= Kevin Foxe =

American film producer

Kevin J. Foxe is a director, producer, writer, and storyteller, most known for the successful independent film The Blair Witch Project. Foxe was born in Enfield, CT. He worked in editing and post production, production managing, assistant directing, location managing, producing and writing with filmmakers such as Federico Fellini, Miloš Forman, David Mamet, Bob Fosse, and Robert Benton. He was a member of the original board of the New Media Council for the Producers Guild of America.

In 1982 Foxe moved to New York City and worked in film, video, and theater, starting as an assistant in the film program at New York University. He later worked at Liberty Studios, Filmhaus, Sound One, Todd-AO, DuArt, and The Tape House.

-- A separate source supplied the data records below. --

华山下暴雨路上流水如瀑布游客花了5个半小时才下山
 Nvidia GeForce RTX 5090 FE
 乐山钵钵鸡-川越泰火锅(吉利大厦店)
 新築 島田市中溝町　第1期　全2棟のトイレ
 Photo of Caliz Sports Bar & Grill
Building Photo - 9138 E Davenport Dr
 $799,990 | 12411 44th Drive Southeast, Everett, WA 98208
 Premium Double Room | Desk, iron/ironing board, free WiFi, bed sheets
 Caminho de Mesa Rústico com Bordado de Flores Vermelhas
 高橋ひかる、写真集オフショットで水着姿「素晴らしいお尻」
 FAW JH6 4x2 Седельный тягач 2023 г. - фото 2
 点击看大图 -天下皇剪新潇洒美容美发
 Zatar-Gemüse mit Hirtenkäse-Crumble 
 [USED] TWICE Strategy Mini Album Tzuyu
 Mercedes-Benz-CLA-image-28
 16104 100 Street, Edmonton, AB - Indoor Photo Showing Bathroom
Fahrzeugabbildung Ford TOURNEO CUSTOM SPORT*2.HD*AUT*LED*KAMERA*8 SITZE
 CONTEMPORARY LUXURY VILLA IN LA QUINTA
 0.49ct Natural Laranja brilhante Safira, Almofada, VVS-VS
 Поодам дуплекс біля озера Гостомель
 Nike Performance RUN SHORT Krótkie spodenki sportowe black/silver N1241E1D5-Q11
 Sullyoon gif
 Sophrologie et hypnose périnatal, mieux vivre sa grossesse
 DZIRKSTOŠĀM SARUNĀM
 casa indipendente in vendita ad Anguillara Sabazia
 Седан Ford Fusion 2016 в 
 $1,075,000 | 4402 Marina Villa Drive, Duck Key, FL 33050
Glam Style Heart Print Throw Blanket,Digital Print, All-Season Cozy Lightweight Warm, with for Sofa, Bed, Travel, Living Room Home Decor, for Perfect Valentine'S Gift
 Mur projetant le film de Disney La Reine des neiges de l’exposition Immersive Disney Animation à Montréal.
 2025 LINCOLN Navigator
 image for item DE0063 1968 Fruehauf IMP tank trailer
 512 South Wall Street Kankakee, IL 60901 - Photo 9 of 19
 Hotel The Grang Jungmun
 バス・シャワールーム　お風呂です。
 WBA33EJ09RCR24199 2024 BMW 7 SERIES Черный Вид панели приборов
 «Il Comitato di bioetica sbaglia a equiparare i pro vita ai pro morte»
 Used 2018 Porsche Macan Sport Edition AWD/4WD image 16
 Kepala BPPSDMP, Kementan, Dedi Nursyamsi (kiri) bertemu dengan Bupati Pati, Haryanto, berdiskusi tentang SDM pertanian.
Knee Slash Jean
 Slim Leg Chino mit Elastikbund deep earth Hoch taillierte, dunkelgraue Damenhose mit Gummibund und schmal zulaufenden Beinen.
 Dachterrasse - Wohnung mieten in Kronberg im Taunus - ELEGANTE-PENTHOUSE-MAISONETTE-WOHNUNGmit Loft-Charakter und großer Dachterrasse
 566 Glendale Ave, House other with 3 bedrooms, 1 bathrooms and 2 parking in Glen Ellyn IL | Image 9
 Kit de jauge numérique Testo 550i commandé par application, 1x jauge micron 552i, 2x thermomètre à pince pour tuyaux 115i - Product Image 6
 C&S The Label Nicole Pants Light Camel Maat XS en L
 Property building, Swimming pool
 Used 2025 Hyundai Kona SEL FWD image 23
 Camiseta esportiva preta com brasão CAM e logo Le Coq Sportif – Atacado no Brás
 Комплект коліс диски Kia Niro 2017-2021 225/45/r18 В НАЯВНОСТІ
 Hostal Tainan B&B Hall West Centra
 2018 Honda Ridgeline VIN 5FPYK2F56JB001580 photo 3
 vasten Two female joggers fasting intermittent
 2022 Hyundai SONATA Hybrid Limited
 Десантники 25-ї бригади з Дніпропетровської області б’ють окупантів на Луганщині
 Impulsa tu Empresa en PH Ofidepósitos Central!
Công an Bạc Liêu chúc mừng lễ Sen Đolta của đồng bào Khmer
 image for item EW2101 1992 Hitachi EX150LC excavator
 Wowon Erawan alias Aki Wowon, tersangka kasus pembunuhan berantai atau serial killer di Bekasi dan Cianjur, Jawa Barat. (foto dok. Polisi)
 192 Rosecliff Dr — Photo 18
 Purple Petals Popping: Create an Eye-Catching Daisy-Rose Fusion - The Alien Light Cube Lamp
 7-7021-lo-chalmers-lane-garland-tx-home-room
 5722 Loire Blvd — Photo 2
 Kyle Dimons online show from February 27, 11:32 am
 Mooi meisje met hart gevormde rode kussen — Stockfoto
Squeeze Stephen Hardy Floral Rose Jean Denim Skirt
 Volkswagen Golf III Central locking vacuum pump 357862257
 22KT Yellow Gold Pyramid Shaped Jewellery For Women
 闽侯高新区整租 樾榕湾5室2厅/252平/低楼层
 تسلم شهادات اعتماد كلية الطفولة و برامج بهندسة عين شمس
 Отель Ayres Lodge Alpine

In 2017, Foxe filmed and produced a 48-minute sustainability documentary called the Bicycle Revolution to encourage urban planning to be less vehicle-centric.

== Filmography ==
- The Ghost Experiment (3D film) (2012) (director, writer, producer)
- Life At Large (2012) (webseries) (actor, co-producer)
- Jackson Horn (2011) (TV) (director, executive producer)
- Orphans of Apollo (2008) (documentary) (co-producer)
- Open 24 Hours (short) (2010-2011) (executive producer)
- Beat The Street (2007) (executive producer)
- Movies That Shook The World (2005) (TV documentary) (actor; himself)
- How to Draw a Bunny (2002) (associate producer)
- American Adobo (2001) (executive producer)
- In The Eye Of The Storm (2001) (producer)
- Miracle Boy and Nyquist (2001) (executive producer)
- Book of Shadows: Blair Witch 2 (2000) (associate producer)
- The Blair Witch Project (1999) (executive producer)
- Nowhere to Go (1998) (producer)
- "Ancestors" (1997) (mini) TV Series (producer)
- Eliza and I (1997) (assistant director)
- Rivalen des Glücks - The Contenders (1993) (producer)
- "The Stand" (1994) (mini) TV Series (location manager)
- Homicide (1991) (location manager)
- Valmont (1989) (post-production supervisor)
- Lip Service (1988) (TV) (assistant editor)
- Impure Thoughts (1986) (as Kevin Foxe) .... St. Jude Student

In April 2012, Foxe declared Chapter 7 bankruptcy in the state of California.